Trusts for disabled people

We look at the special tax rules that can sometimes apply when a trust is created for the benefit of a disabled person.

Content on this page:

Introduction

A trust for the benefit of a disabled person might be set up for a variety of reasons, for example:

  • the disabled person may not (or may not always) be able to manage their own finances;
  • an individual may wish to set aside funds for the disabled person, but retain control (via the trust deed) of what happens to the fund, for example in the event the disabled person marries or dies.

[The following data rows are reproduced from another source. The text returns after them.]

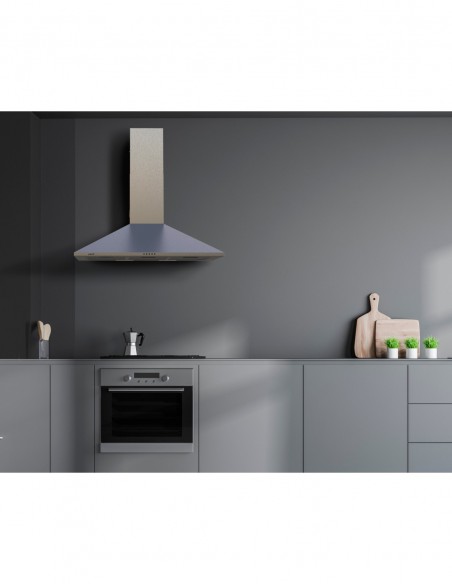 HOTTE MURALE OMEGA 900X/M Inox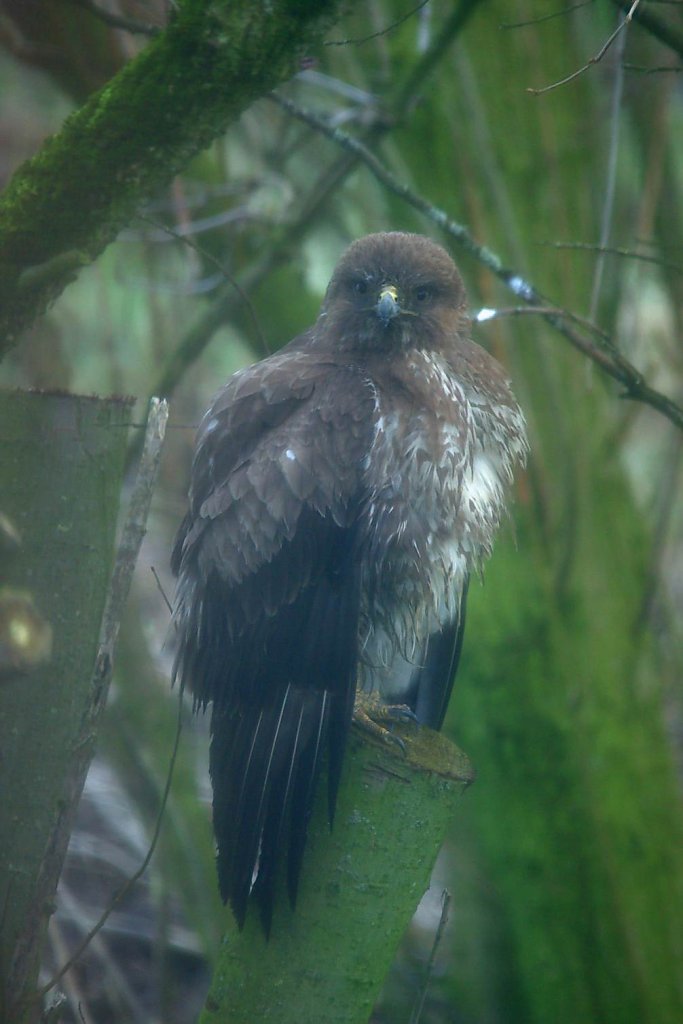 Bussard 3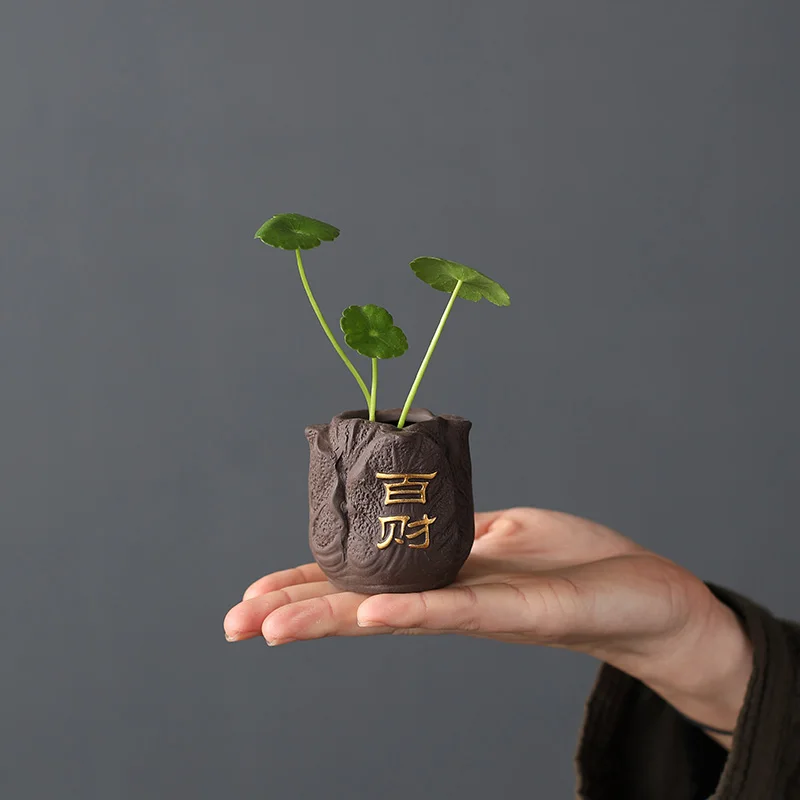 크리 에이 티브 보라색 점토 차 애완 동물 손가락 집  - Bonsai Garden Ornaments 리뷰 및 가격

A trust such as this may be set up by:

  • A parent or other relative who sets up a trust for a child or other relative.
  • An individual may set up a trust for themselves if they think they may need that protection in the future.
  • An individual may set up a trust to receive compensation monies (for personal injury, for example).

Getting professional advice

Trusts are a complex area and, in particular, the tax rules for disabled persons trusts are not straightforward. There are some complex and strict conditions for the special rules to apply. We recommend you get competent professional advice when setting up or administering a trust for someone with a disability. Such advice might be taken from a:

You will also need to think about the impacts of a trust on the disabled beneficiary's benefits entitlement. In general, this will depend on the type of trust and the type of benefits. Ask any advisers you approach if they are able to cover these aspects as well.

The information that follows is intended purely as a brief outline of the tax rules and not in any way a substitute for proper professional advice. It is also restricted to trusts and beneficiaries resident in the UK.

Disabled person’s trusts

A disabled person’s trust can be any sort of trust where there is at least one beneficiary who is a ‘disabled person’. There are various conditions which must be satisfied to qualify as a disabled person’s trust, both in terms of who counts as a disabled person, and how the trust fund is used.

Where a trust qualifies as a disabled person’s trust, special rules apply. These can result in more favourable tax treatment than would apply to other trusts.

Disabled persons

For the trust to qualify as a disabled person’s trust, there must be a beneficiary who is disabled at the time assets are settled (transferred) into the trust. This is subject to a small exception for inheritance tax purposes only, where the person makes a trust for themselves because they are likely to become disabled in the future. 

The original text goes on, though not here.